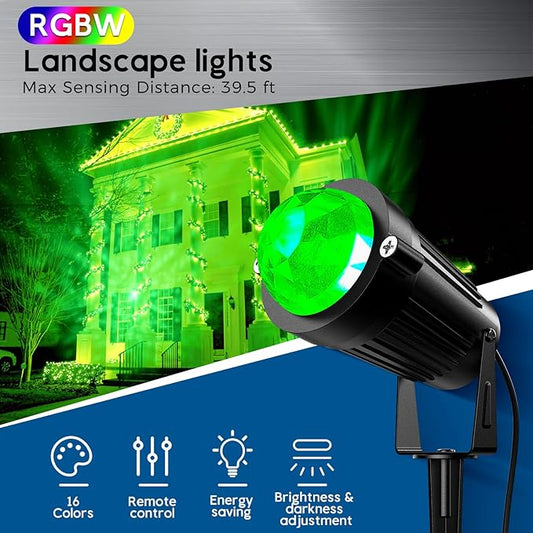 Christmas Halloween Outdoor Spotlight RGB Lights Projector, 12W Color Changing Landscape Lighting for Yard Garden Patio Decor, 4 Pack of 120V Waterproof LED Landscape Lights for Home Party Decorations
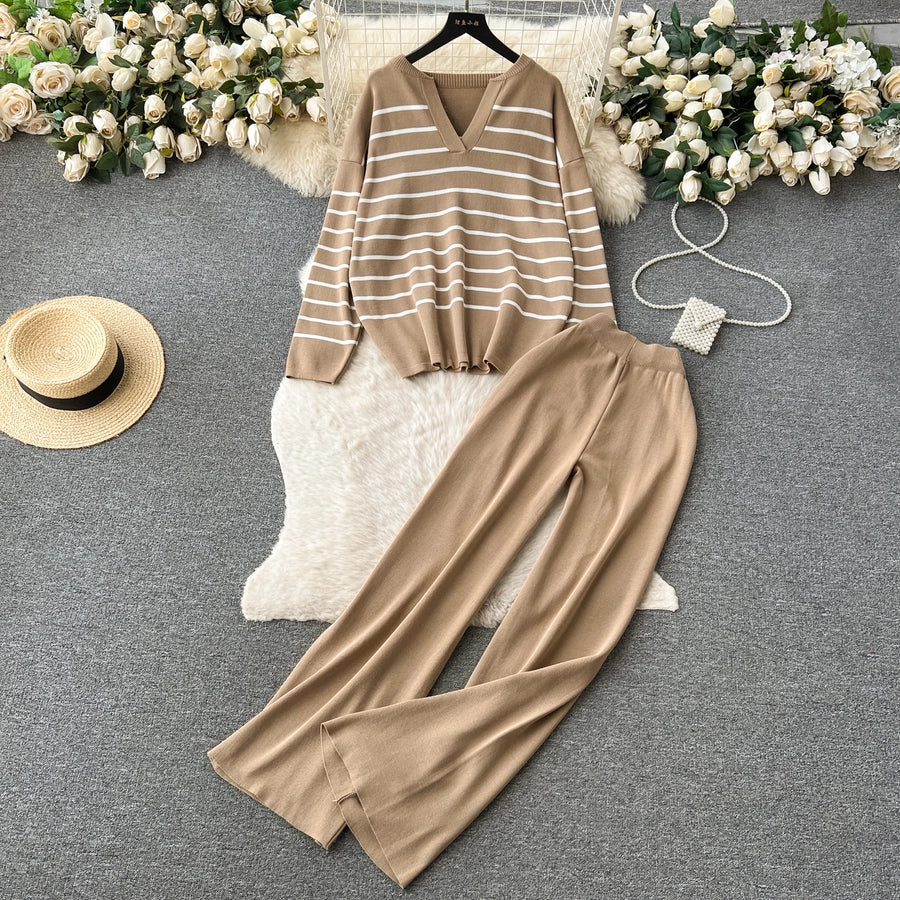 school outdoor daily women's simple style stripe simple spandex polyester knit elastic waist pants sets pants sets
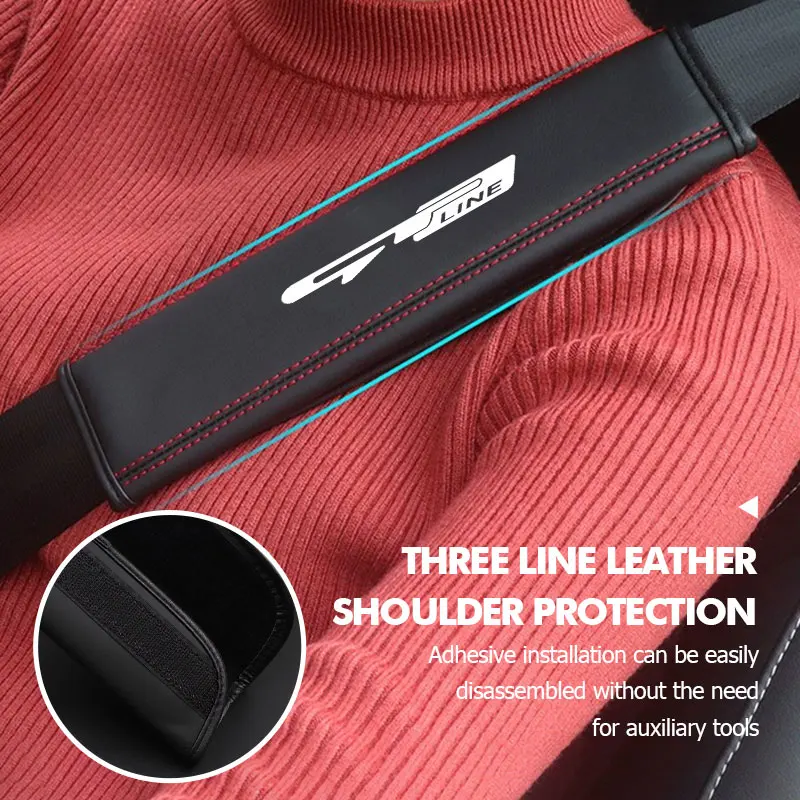 Leather Car Seat Belt Shoulder Protector Padding Accessories For KIA gt gtline Xline ceed Forte RIO STINGER Seltos K3 K4 - view 2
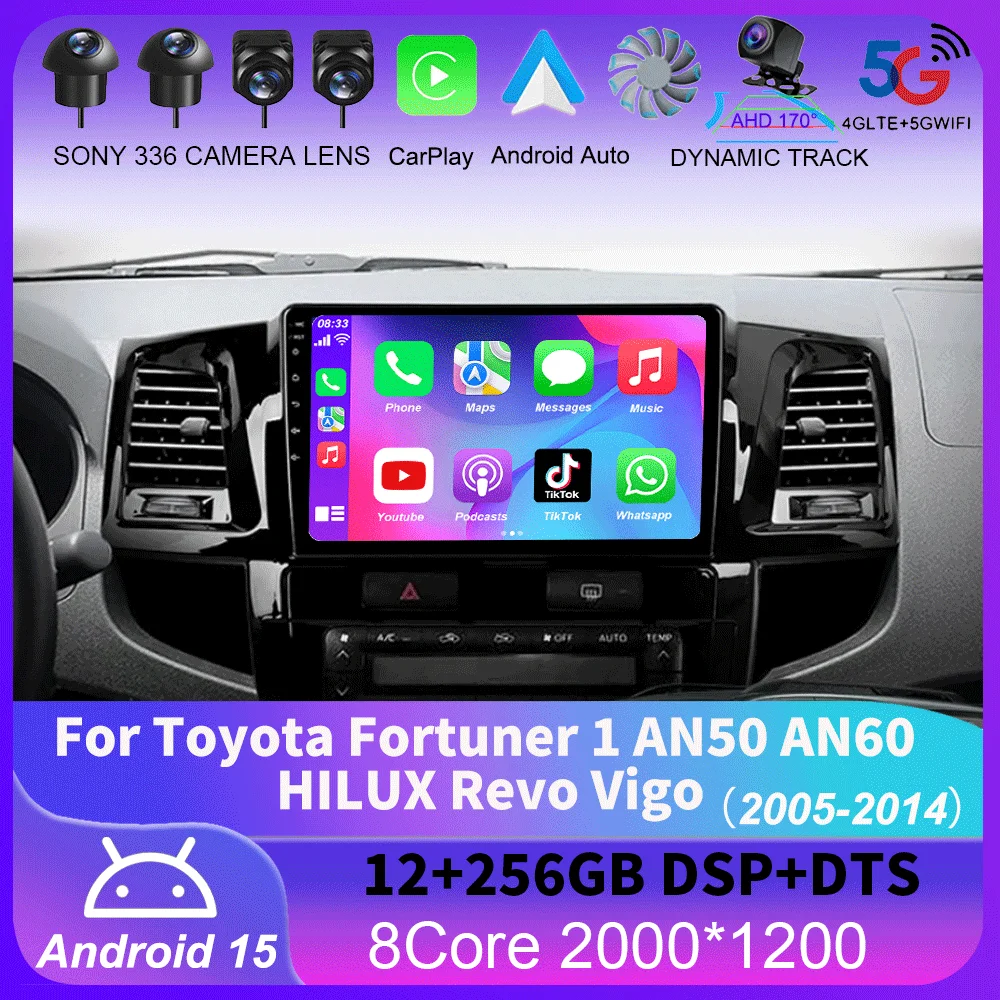 

For Toyota Fortuner 1 AN50 AN60 HILUX Revo Vigo 2005 - 2014 GPS Car Radio Navigation Multimedia Video Player Stereo BT Android15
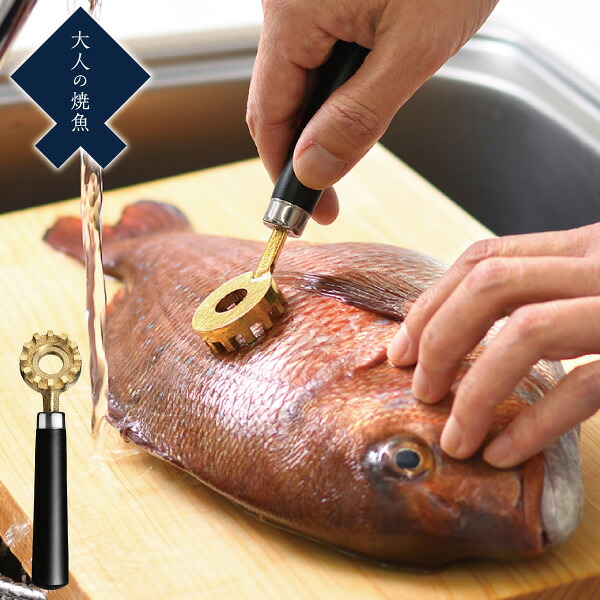 【エントリーで最大100%ポイントバック 】鱗とり OTS8013 オークス 大人の焼魚 うろこ ウロコ 魚 カバー付き 真鍮製｜くらし屋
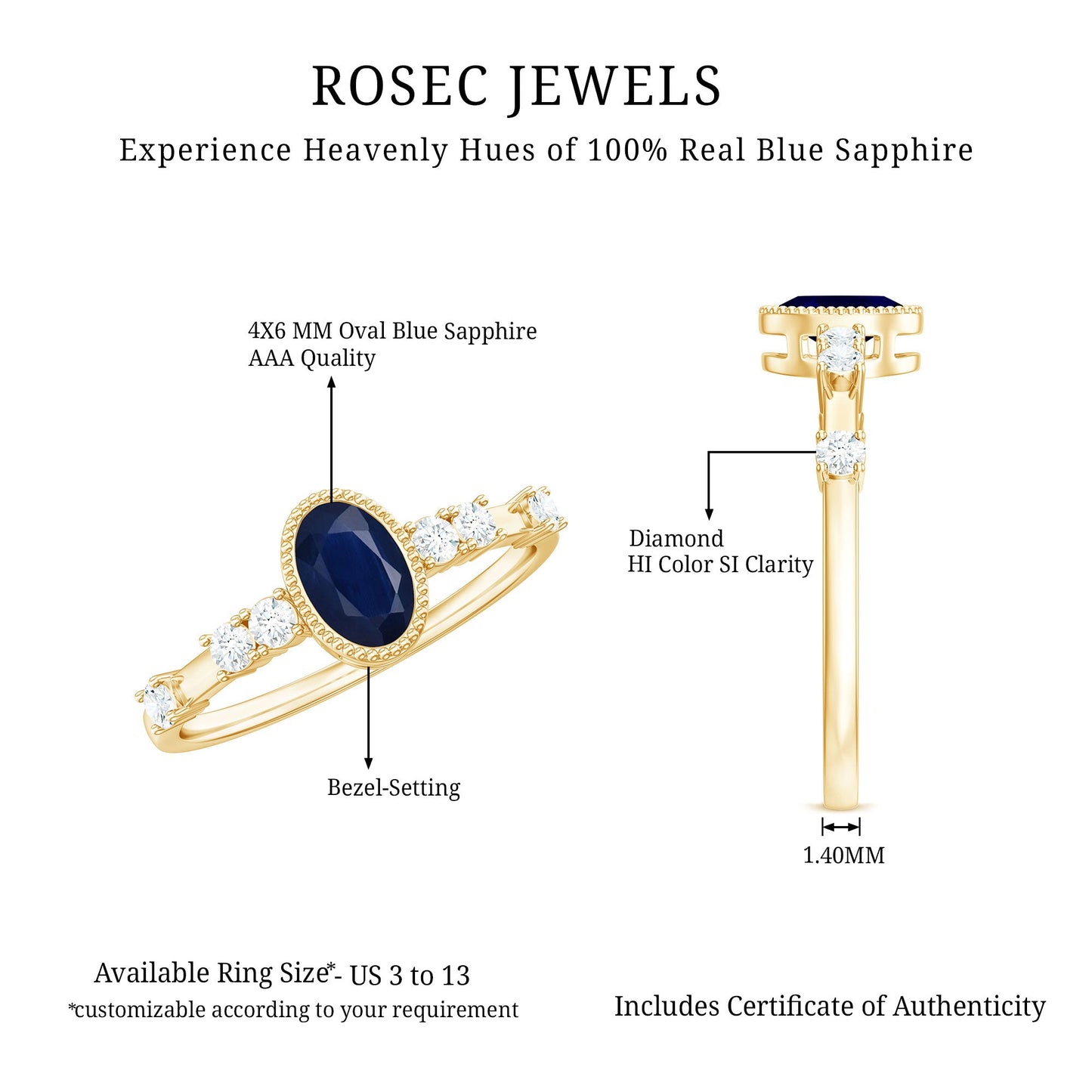 Vintage Looking Blue Sapphire Oval Engagement Ring with Diamond
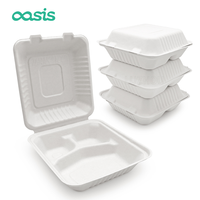 Oasis Emballage alimentaire jetable biodégradable rectangulaire personnalisable Boîte de pâte à papier de bagasse de canne à sucre étanche pour sushi sucre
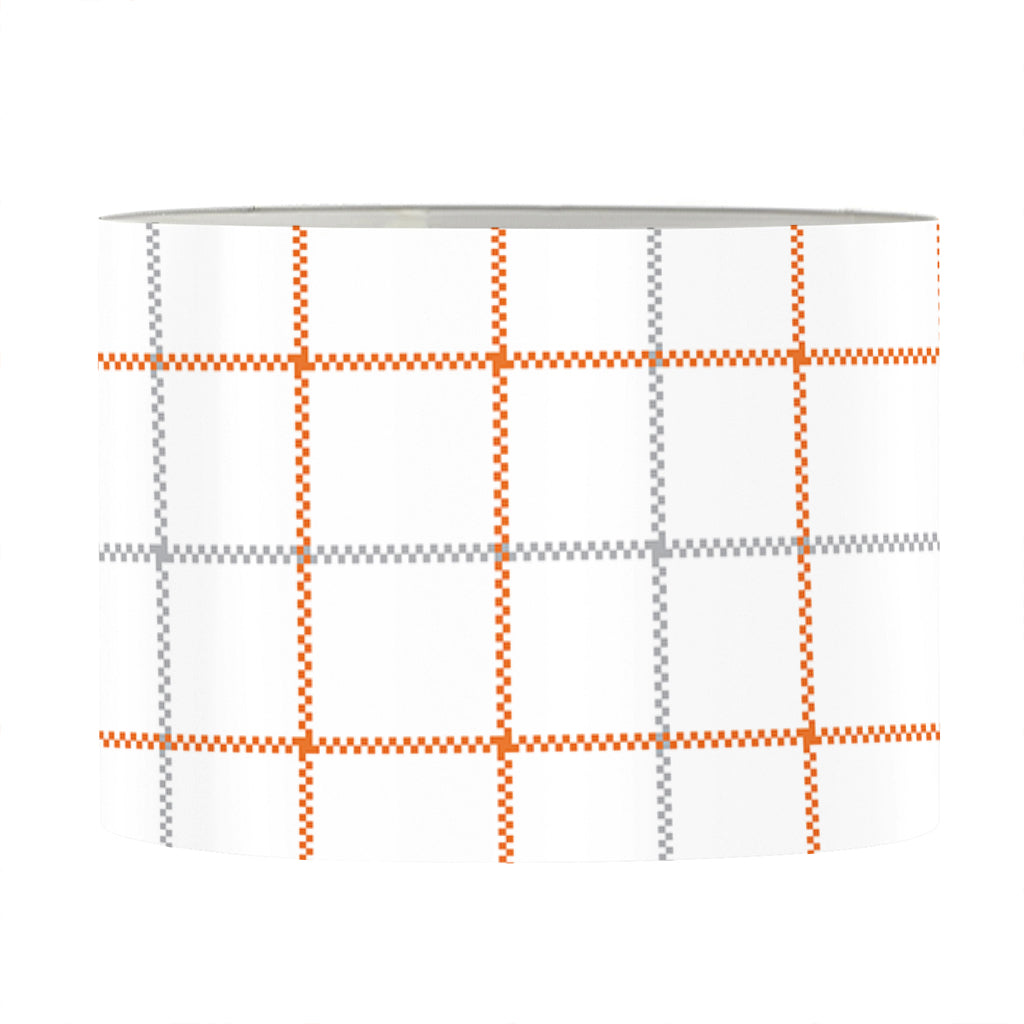 White Halloween Tattersall Pattern Print Drum Lamp Shade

⁂

- _PROBLEM STATEMENT_:
Print the lines from the one that contains "Vintage Looking Blue" through the last line of the data, exactly and in full, and no other lines. Pictures are not part of the copy.

- _SOLUTION_:
 Vintage Looking Blue Sapphire Oval Engagement Ring with Diamond
 Oasis Emballage alimentaire jetable biodégradable rectangulaire personnalisable Boîte de pâte à papier de bagasse de canne à sucre étanche pour sushi sucre
 White Halloween Tattersall Pattern Print Drum Lamp Shade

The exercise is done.